Benefiting from the demographic tsunami of Boomers retiring, I’ve collected many, many stories of others moving on to really meaningful lives after they retired from paid work. Each time I find one I relate to, I reach out to the author, talking anyone up who would entertain my persistent worries and questions.
“24 hours is a LOT of time, what do you do all day?”
“If you’re not ‘fill-in-the-blank’ that lets others know who you are, who are you?”
“How do you make new friends if all you’ve done is work and work some more?”
“If you’re not notching achievements, what’s the point of your activity?”
As I’d recite these over and over, eventually, I started hearing how silly they were. I was trapped in a common belief that paid work is a higher calling than anything else. Having traveled more in the last five years than in the prior fifty, I’ve seen for myself that you can live a great life more simply. Folks in the well-studied and currently popular Blue Zones live the basics of eating, socializing, cooking, and finding purpose very differently than I have. What they do is within reach for me if I change the way I spend my time, directing more of my day to pursuits that nourish my brain and body.
I remember when I made stained glass and refinished furniture as a side interest. I’ve taken writing classes to sharpen the skill of storytelling in print. I’m quickly improving my cooking skills with healthy food that tastes better than the processed food I’m trying to stop eating. I want to swim daily laps again, not to compete, but to breathe better. Methodical swimming is a lot like my practice of transcendental meditation in that it releases negative mental energy and brings calm. I have my Library of Congress card and all that entails.
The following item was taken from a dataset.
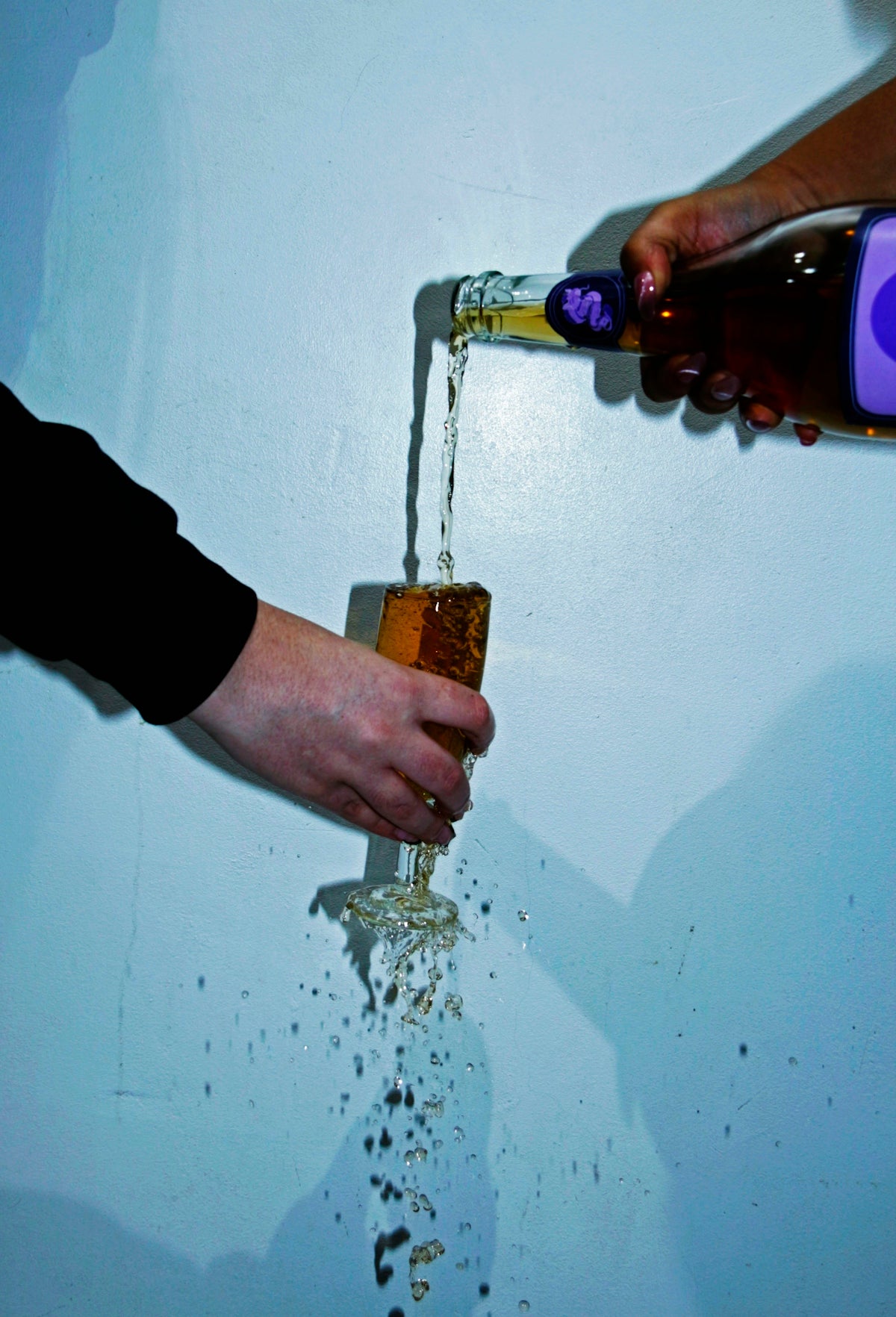 a person pouring a drink into a glass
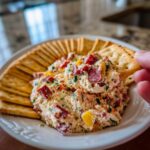 A hand scoops creamy hoagie dip loaded with meat and peppers onto a cracker.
The choice to retire to Williamsburg came after a search for the way we want to live. It checks most boxes that matter to us. William & Mary offers the Osher Institute for lifelong learning and it will be 10 minutes from my new home. There’s are rivers and more paths than I can possibly walk in the years I have left. My Merlin ID app that identifies the sounds of birds gets a workout every time I visit Williamsburg. We have two grandchildren that live there and great transportation options to see the ten who live elsewhere. There is golf galore. It’s a small town much like the towns Murray and I grew up in, Clarendon Hills, Illinois for me and York, PA for him. On visits, locals have engaged freely with us and those small interactions are part of the feast of life I look forward to enjoying daily. It’s time for the G.A.P. year I never had, Grandma @ play.
My favorite line from The Fellowship of the Ring in the Lord of the Rings trilogy, is Gandalf’s: “All we have to decide is what to do with the time that is given us.” While there might be a few nice trips, I don’t have a bucket list of must have experiences except for one. I exercise on an indoor rower and I do plan to seek out a row on actual water in a racing shell. Williamsburg has that too.
I know now there is life after work. I’m grateful for the choices we have today because of the choices we’ve made in earlier years. Six months from now, I will be living a life with different priorities I’m responsible for building. I can’t wait.